Ook hier geldt een aparte regeling, afhankelijk van het moment waarop de huurovereenkomst werd ondertekend:
Huurovereenkomst afgesloten vóór 1 januari 2019
Indien er na het verstrijken van een termijn van 3 maanden en 40 dagen geen erfgenamen bekend zijn of de bekende erfgenamen de nalatenschap hebben verworpen, wordt de nalatenschap als onbeheerd beschouwd. Er kan vervolgens een curator worden aangesteld door de rechtbank van eerste aanleg, die de nalatenschap zal beheren.

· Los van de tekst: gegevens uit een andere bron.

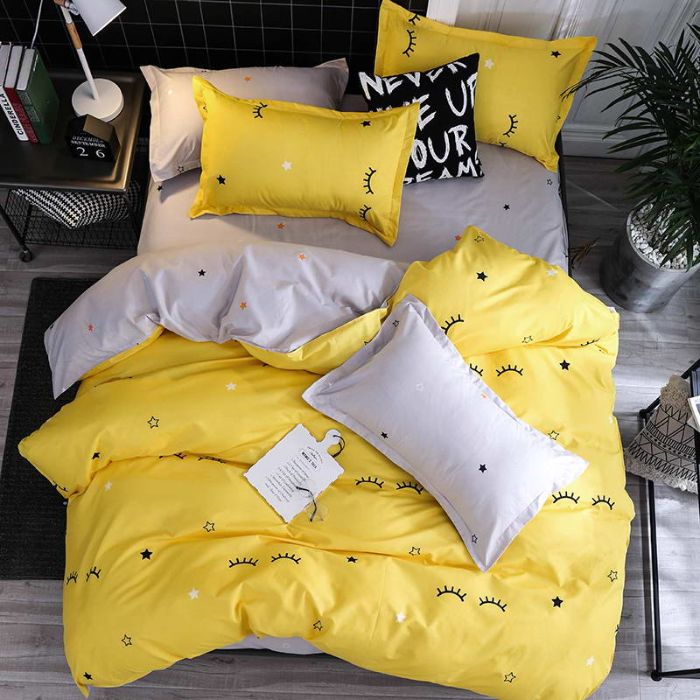 Bộ chăn ga gối Cotton cao cấp 1m6x2m màu vàng mi mắt DQK119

Iedere belanghebbende kan een dergelijk verzoek indienen bij de rechtbank, ook de verhuurder. De curator zal de huurovereenkomst vervolgens moeten opzeggen, of zal onderhandelen met de verhuurder omtrent de beëindiging ervan en zal het pand vervolgens laten leeghalen.
De huurwaarborg kan slechts in 2 gevallen worden vrijgegeven:
ofwel wordt er aan de bank een schriftelijk akkoord voorgelegd van de verhuurder en de erfgenamen, samen met een overlijdensattest en een attest van erfopvolging;
ofwel kan de curator - die werd aangesteld door de rechtbank van eerste aanleg na het indienen van een verzoekschrift door de verhuurder - beslissen over de vrijgave van de huurwaarborg.
Huurovereenkomst afgesloten vanaf 1 januari 201
ofwel wordt er aan de bank een schriftelijk akkoord voorgelegd van de verhuurder en de erfgenamen van de overleden huurder, samen met een overlijdensattest en een attest van erfopvolging;
ofwel zal de Vrederechter een oordeel moeten vellen over de huurwaarborg. Deze zal in de meeste gevallen toegekend worden aan de verhuurder (die een voorrecht heeft op de inboedel in de gehuurde woning) wanneer er nog openstaande huurschulden zijn (bv. voor de periode na het overlijden van de huurder tot de ontbinding van rechtswege), er huurschade was aan het pand of bij wijze van bezettingsvergoeding voor de periode dat de curator nog bezig was met de uitvoering van diens werkzaamheden.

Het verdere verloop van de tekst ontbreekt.